If the whatever-it-was had taken out the local lights, how in the hell had Kirby's cell phone survived the hex? Magic and technology don't get along so well, and the more complex electronic devices tended to fall apart most quickly. Cell phones were like those security guys in red shirts on old Star Trek: as soon as something started happening, they were always the first to go.
If the creature, whatever it was, had blown out the lights, it would have gotten the phone, too. Unless it hadn't wanted to take the phone out.
Kirby was the only clearly lit object in sight-an ideal target.
When the attack came, it came fast.
There was a ripple in the air, as something moving beneath a veil crossed between me and the light cast by Kirby's phone. There was an explosive snarl, and the phone went flying, leaving Kirby hidden in shadow.
Billy flung himself forward, even as I ripped the silver pentacle amulet from around my neck and lifted it, calling forth silver-blue wizard light with my will. Light flooded the area between the complex's buildings.
Kirby was on his back, in the center of a splatter of black that could only be blood. Billy was standing crouched over him, his teeth bared in a snarl. He suddenly lunged forward, teeth ripping, and a distortion of the air in front of him bounded up and then to one side. I lurched forward, feeling as if I was running through hip-deep peanut butter. I got the impression of something four-legged and furry evading Billy's attack, a raw flicker of vision like something seen out of the very corner of the eye.
Then Billy was on his back, slashing with canine claws, ripping savagely with his teeth, while something shadowy and massive overbore him, pinning him down.
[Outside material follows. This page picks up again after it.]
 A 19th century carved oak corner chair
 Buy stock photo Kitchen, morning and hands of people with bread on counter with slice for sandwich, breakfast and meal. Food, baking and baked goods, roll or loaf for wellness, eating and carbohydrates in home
Andi, a red-furred wolf that was smaller and swifter than Billy's form, hurtled through the air and tore at the back of the attacker.
It screamed again, the sound deeper-chested than before, more resonant. The creature whirled on Andi, too swiftly to be believed, and a limb slammed into her, sending her flying into a brick wall. She hit with a yipping cry of pain and a hideous snapping sound.
I raised my staff, anger and terror and determination surging down into the wooden tool, and shouted, ’’Forzare!’’
My will unspooled into a lance of invisible energy and slammed into the creature. I've flipped over cars with blasts of force like that, but the thing barely rocked back, slapping at the air with its forelimbs. The blast shattered against it in a shower of reddish sparks.
The conflicting energies disrupted its veil, just for a second. I saw something somewhere between a cougar and a bear, with sparse, dirty golden fur. It must have weighed several hundred pounds. It had oversized fangs, bloodied claws, and its eyes were a bright and sickly yellow that looked reptilian, somehow.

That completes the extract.